*** Opening of DATA SHOWN ***
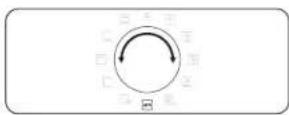 SAMSUNG NV7B4550VAB - Dobbelt tilberedningstilstand - 2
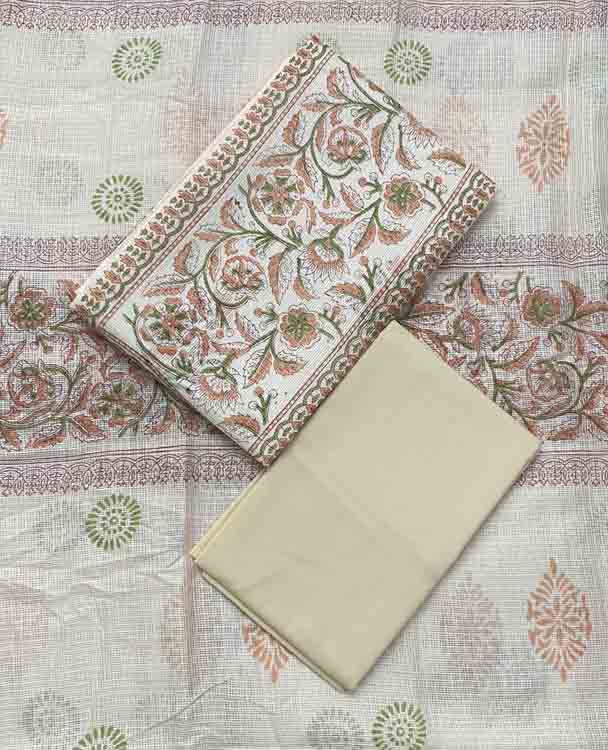 Kota Silk Churidar Materials Set DC319-05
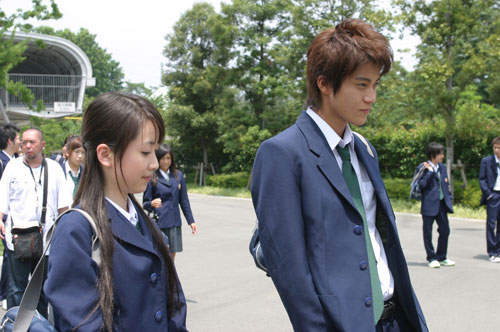 名侦探柯南真人版剧照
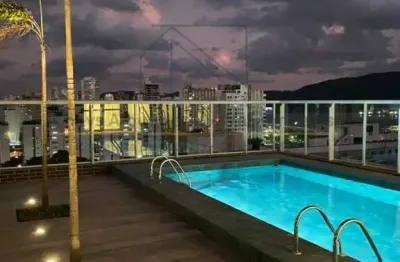 Sonho a 50m do mar! ap 2 suítes, lazer completo  ponta da praia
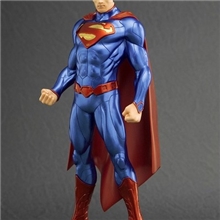 Crazytoys正版寿屋Superman正义联盟美国超人钢铁之躯人偶
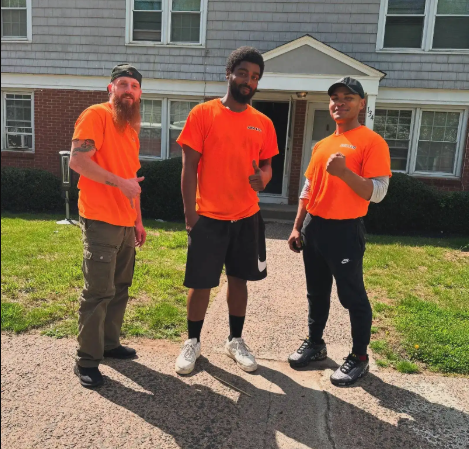 College Move-In/Move-Out: Best Labor Help in Connecticut with A Plus Moving LLC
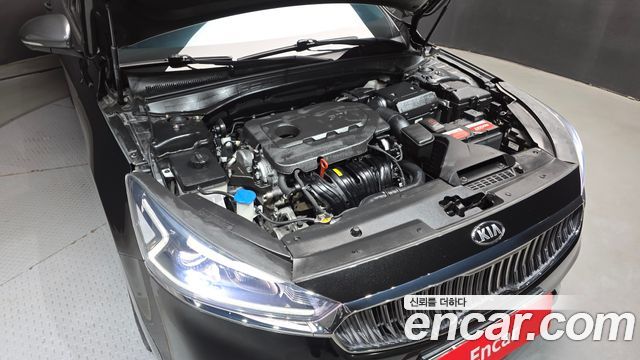 Kia K7 2016 — photo 6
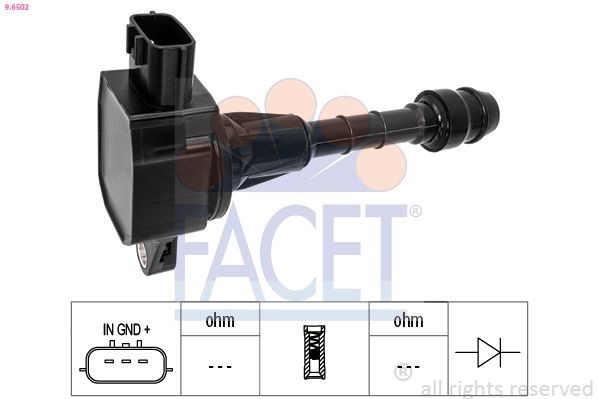 Купити Котушка запалювання Nissan Note  E11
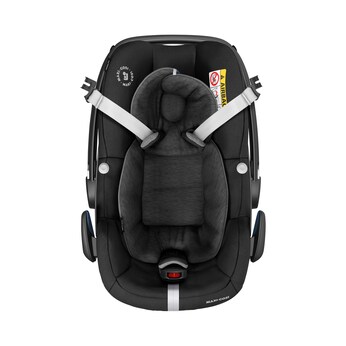 Babyschale Pebble Pro i-Size inkl. Kindersitz Pearl 2 Pro i-Size und Isofix-Basis FamilyFix 3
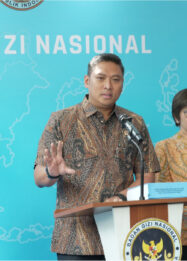 Pasca Putusan MK, Mas Dar: BGN Siap Laksanakan Kebijakan Pemerintah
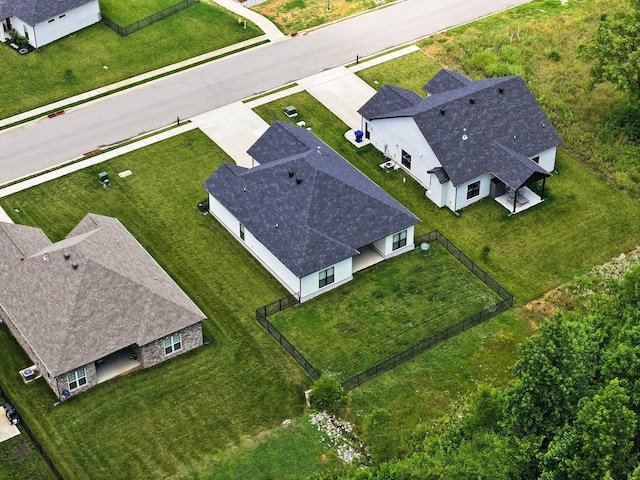1055 Wittys Way, Clarksville, TN 37043 - aerial view of property and surrounding area
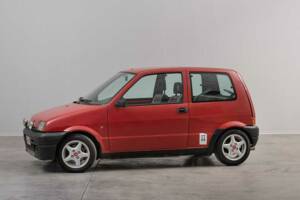 Bild 8/30 von FIAT Cinquecento Sporting Trofeo (1993)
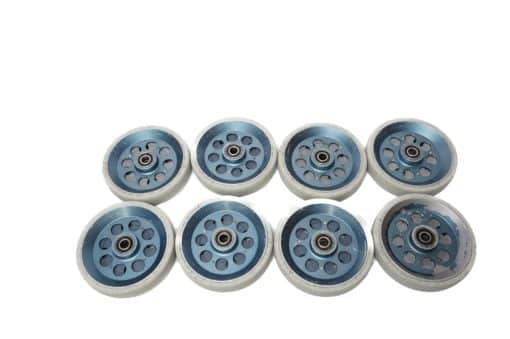 Magnum Studio wheels Set ( 8 Wheels) - Image 4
*** Close of DATA SHOWN ***
WORK ITEM
Please return the data above exactly as it stands from the line with "Crazytoys正版寿屋Superman正义联盟美国超人钢铁之躯人偶" to the line with "Pasca Putusan MK, Mas", keeping both of those lines but none of the pictures.

SOLUTION FOR THIS TASK
 Crazytoys正版寿屋Superman正义联盟美国超人钢铁之躯人偶
 College Move-In/Move-Out: Best Labor Help in Connecticut with A Plus Moving LLC
 Kia K7 2016 — photo 6
 Купити Котушка запалювання Nissan Note  E11
 Babyschale Pebble Pro i-Size inkl. Kindersitz Pearl 2 Pro i-Size und Isofix-Basis FamilyFix 3
 Pasca Putusan MK, Mas Dar: BGN Siap Laksanakan Kebijakan Pemerintah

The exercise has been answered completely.